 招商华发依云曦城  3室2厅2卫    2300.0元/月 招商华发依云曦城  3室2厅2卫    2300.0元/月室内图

--

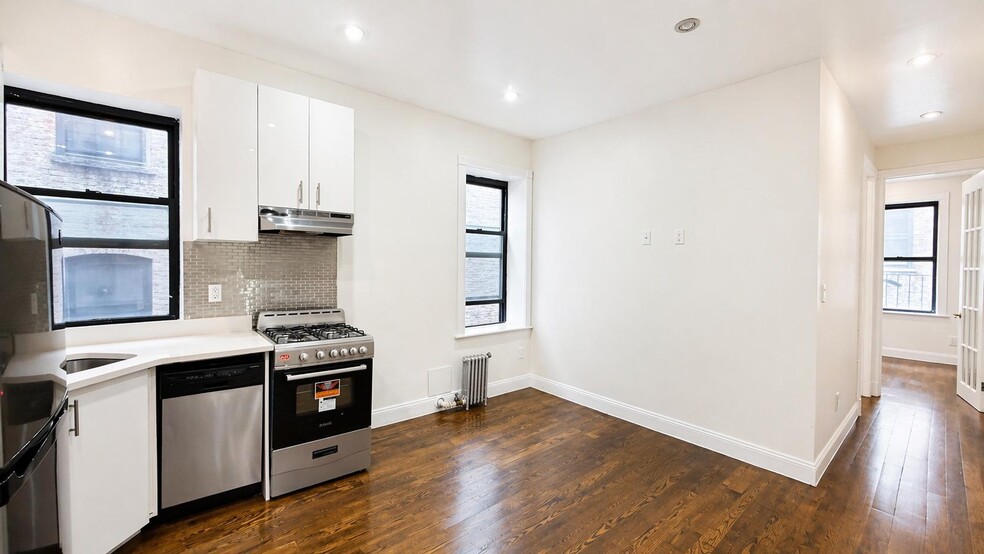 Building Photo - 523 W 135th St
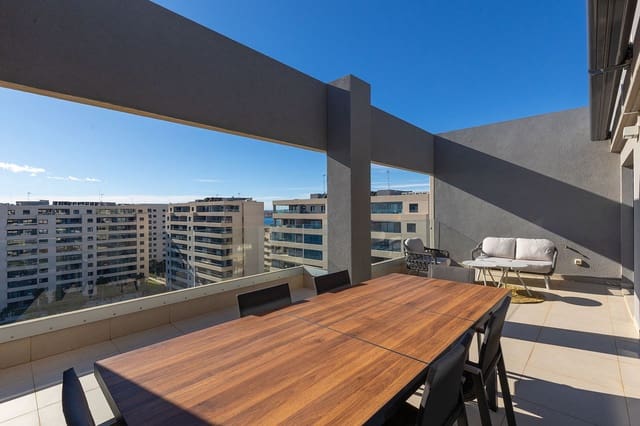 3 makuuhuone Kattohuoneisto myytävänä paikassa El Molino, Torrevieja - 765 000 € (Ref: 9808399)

...

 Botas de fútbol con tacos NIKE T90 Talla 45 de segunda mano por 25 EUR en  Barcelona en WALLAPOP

THE PROBLEM: Only the lines starting at the one with "Building Photo - 523 W 135th St" and ending at the one with "3 makuuhuone Kattohuoneisto" should be printed, each exactly as it appears in the material above; the pictures are to be omitted.

SOLUTION:
 Building Photo - 523 W 135th St
 3 makuuhuone Kattohuoneisto myytävänä paikassa El Molino, Torrevieja - 765 000 € (Ref: 9808399)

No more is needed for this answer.